For Portola novelist Michael McLellan (michaelamclellan.com) it started in Chico. "In 2010," he emails, "I bought the house my grandparents had purchased new in 1962 (a stone's throw from lower Bidwell Park) from my grandmother's estate. I wrote a fair portion of my first novel on a picnic table" near the creek.
McLellan has produced in his third novel a searing tale of the 1860s, intertwining Southern slavery with massacres of Native Americans as white settlers expanded Westward. It is not for the squeamish.
"In The Shadow Of The Hanging Tree" ($15 in paperback from Sweet Candy Press; also for Amazon Kindle) begins in 1861 in Missouri, charting the horrific life of twenty-year-old Henry, a newly freed slave, attempting to escape the roaming militias intent on killing runaways.

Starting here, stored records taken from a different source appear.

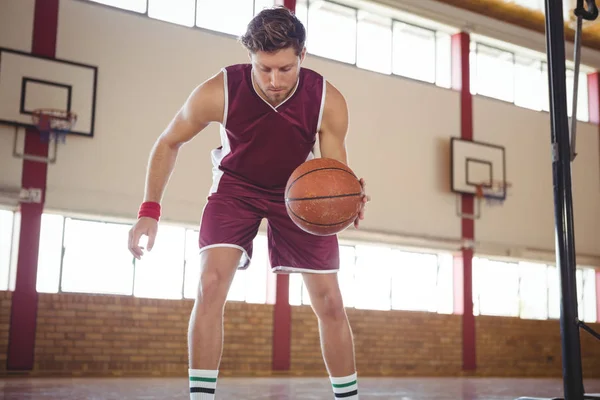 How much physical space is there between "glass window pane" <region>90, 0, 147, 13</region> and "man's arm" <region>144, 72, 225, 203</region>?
257 inches

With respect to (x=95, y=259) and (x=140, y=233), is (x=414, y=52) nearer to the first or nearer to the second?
(x=95, y=259)

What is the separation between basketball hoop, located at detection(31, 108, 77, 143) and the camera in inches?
306

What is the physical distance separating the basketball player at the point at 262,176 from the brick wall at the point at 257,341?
226 inches

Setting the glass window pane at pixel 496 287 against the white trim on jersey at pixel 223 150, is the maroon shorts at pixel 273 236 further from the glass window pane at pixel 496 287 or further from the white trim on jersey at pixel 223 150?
the glass window pane at pixel 496 287

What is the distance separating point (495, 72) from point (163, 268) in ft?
23.0

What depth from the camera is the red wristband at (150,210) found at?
2614 mm

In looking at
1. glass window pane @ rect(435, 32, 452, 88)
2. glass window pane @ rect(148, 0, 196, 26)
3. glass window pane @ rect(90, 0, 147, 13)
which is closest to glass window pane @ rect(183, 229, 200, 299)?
glass window pane @ rect(148, 0, 196, 26)

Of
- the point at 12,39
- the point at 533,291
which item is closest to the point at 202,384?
the point at 12,39

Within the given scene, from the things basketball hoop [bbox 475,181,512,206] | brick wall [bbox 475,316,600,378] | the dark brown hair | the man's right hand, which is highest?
basketball hoop [bbox 475,181,512,206]

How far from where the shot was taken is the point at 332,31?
1047 cm

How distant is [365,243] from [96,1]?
15.9 feet

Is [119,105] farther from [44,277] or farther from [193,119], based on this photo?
[193,119]

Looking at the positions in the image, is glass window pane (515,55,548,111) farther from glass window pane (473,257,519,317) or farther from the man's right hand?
the man's right hand

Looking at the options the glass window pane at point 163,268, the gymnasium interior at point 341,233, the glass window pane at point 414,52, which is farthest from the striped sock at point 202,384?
the glass window pane at point 414,52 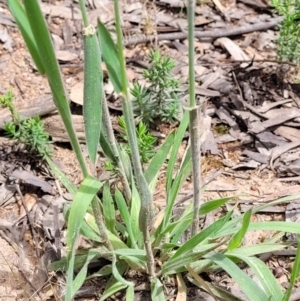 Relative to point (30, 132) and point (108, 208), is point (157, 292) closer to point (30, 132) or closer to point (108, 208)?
point (108, 208)

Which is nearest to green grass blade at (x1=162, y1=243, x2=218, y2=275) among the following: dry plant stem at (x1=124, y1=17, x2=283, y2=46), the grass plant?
the grass plant

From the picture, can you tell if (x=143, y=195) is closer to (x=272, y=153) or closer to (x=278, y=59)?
(x=272, y=153)

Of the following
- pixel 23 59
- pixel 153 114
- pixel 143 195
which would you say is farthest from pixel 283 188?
pixel 23 59

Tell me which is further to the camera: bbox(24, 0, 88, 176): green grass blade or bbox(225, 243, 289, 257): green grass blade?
bbox(225, 243, 289, 257): green grass blade

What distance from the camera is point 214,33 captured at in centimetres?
254

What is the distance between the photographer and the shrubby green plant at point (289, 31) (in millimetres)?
2096

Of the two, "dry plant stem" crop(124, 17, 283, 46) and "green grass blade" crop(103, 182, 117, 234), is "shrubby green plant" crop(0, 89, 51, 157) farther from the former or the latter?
"dry plant stem" crop(124, 17, 283, 46)

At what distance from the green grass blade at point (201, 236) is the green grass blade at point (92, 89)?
372 millimetres

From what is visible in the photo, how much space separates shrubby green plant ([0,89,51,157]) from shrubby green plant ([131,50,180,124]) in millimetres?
378

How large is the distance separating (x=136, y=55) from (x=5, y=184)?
0.88 m

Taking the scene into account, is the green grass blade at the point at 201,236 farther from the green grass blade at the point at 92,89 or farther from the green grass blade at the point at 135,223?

Caught by Emmet Dawson and his band, Henry and his companion Eliza face almost certain death. They are taken to a big tree by the road. "There were six people hanging from the tree limb. Even with the blood from his cut face blinding one of his eyes, Henry saw more than he could bear: five men and one small boy, all slaves."
There is a parallel story. In 1865 John Elliot is expelled from West Point at the behest of influential East Coast businessman Jonathon Hanfield. He is shipped off to Fort Laramie in the Dakota Territory to assist Colonel Frank Picton "with the Indian situation." John, in love with Hanfield's daughter Clara, is also the son of Hanfield's rival.
Henry survives, recuperates with the Cheyenne, and becomes a military guide at Fort Laramie. When it becomes clear that Picton has formed a militia intent on fomenting an all-out race war against the indigenous peoples, Henry and John (now reunited with Clara) face stark choices. There is graphic violence (with the N-word used fifty times) in this deeply affecting, gut-punch of a novel.
"The white man only knows desire," Standing Elk tells Henry. "He knows nothing of contentment. ... The white soldiers murder without regard, but themselves are spiritless and go screaming into their own deaths as they were born into life. ... There can be no peace with such men."